Journal/conference: The Lancet

Organisation/s: Harvard Medical School, USA

Funder: Janssen Vaccines & Prevention BV, National Institutes of Health, Ragon Institute of MGH, MIT and Harvard, Henry M Jackson Foundation for the Advancement of Military Medicine, US Department of Defense, and International AIDS Vaccine Initiative.

Media Release

From: The Lancet

Peer reviewed / Randomised controlled trial and experimental study / People and animals

The Lancet: Novel HIV vaccine candidate is safe and induces immune response in healthy adults and monkeys

  • Mosaic HIV vaccine may have the potential to protect against wide variety of HIV strains worldwide
  • Phase 1/2 results have led to the initiation of a phase 2b clinical efficacy trial in southern Africa to determine whether vaccine candidate can prevent HIV infection in humans

New research published in The Lancet shows that an experimental HIV-1 vaccine regimen is well-tolerated and generated comparable and robust immune responses against HIV in healthy adults and rhesus monkeys. Moreover, the vaccine candidate protected against infection with an HIV-like virus in monkeys.

Based on the results from this phase 1/2a clinical trial that involved nearly 400 healthy adults, a phase 2b trial has been initiated in southern Africa to determine the safety and efficacy of the HIV-1 vaccine candidate in 2,600 women at risk for acquiring HIV. This is one of only five experimental HIV-1 vaccine concepts that have progressed to efficacy trials in humans in the 35 years of the global HIV/AIDS epidemic.
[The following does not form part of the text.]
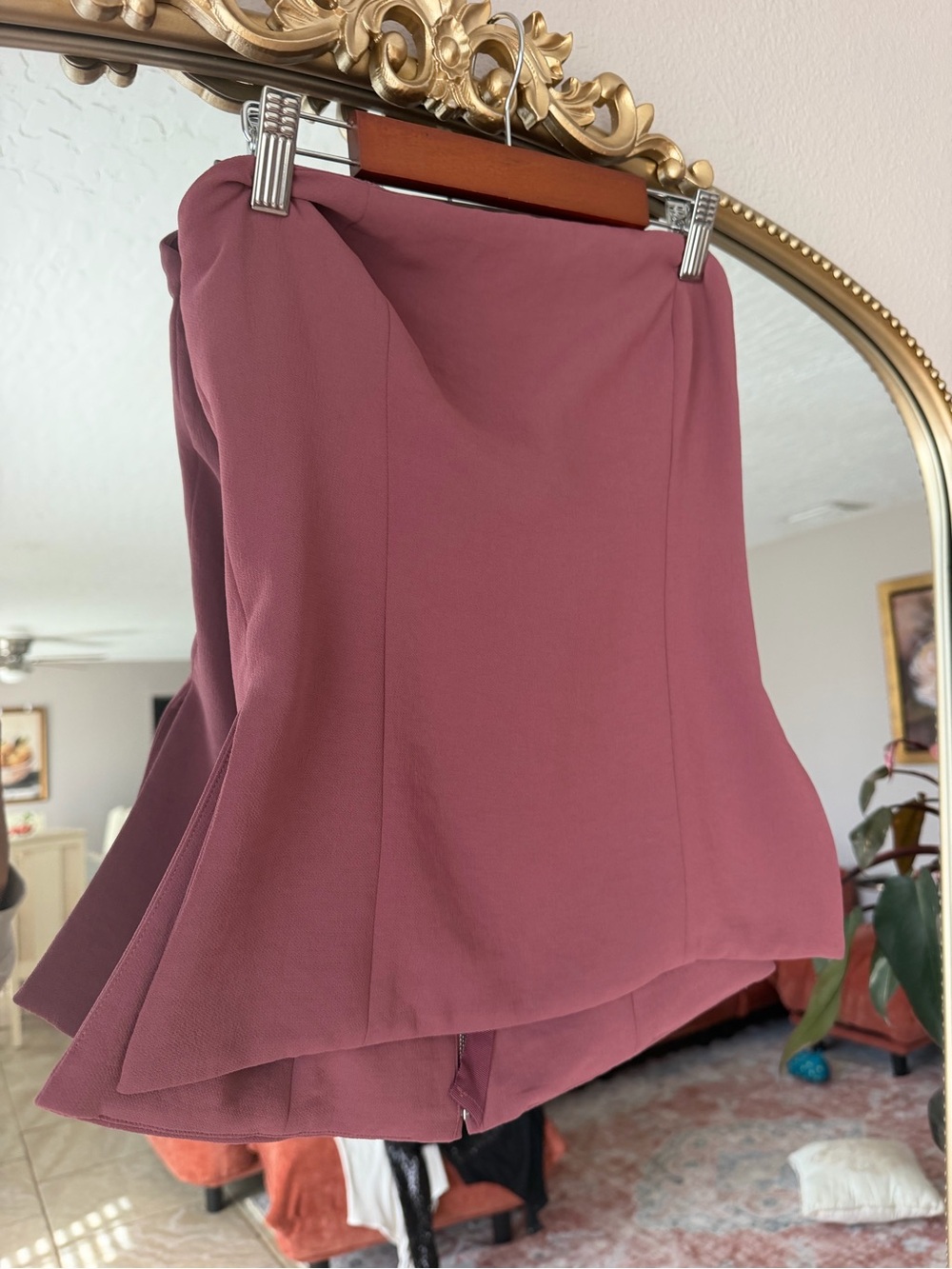 Wilfred Rose-Mauve Top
Previous HIV-1 vaccine candidates have typically been limited to specific regions of the world. The experimental regimens tested in this study are based on ‘mosaic’ vaccines that take pieces of different HIV viruses and combine them to elicit immune responses against a wide variety of HIV strains.

“These results represent an important milestone. This study demonstrates that the mosaic Ad26 prime, Ad26 plus gp140 boost HIV vaccine candidate induced robust immune responses in humans and monkeys with comparable magnitude, kinetics, phenotype, and durability and also provided 67% protection against viral challenge in monkeys”, says Professor Dan Barouch, Director of the Center for Virology and Vaccine Research at Beth Israel Deaconess Medical Center and Professor of Medicine at Harvard Medical School, Boston, USA who led the study. [1]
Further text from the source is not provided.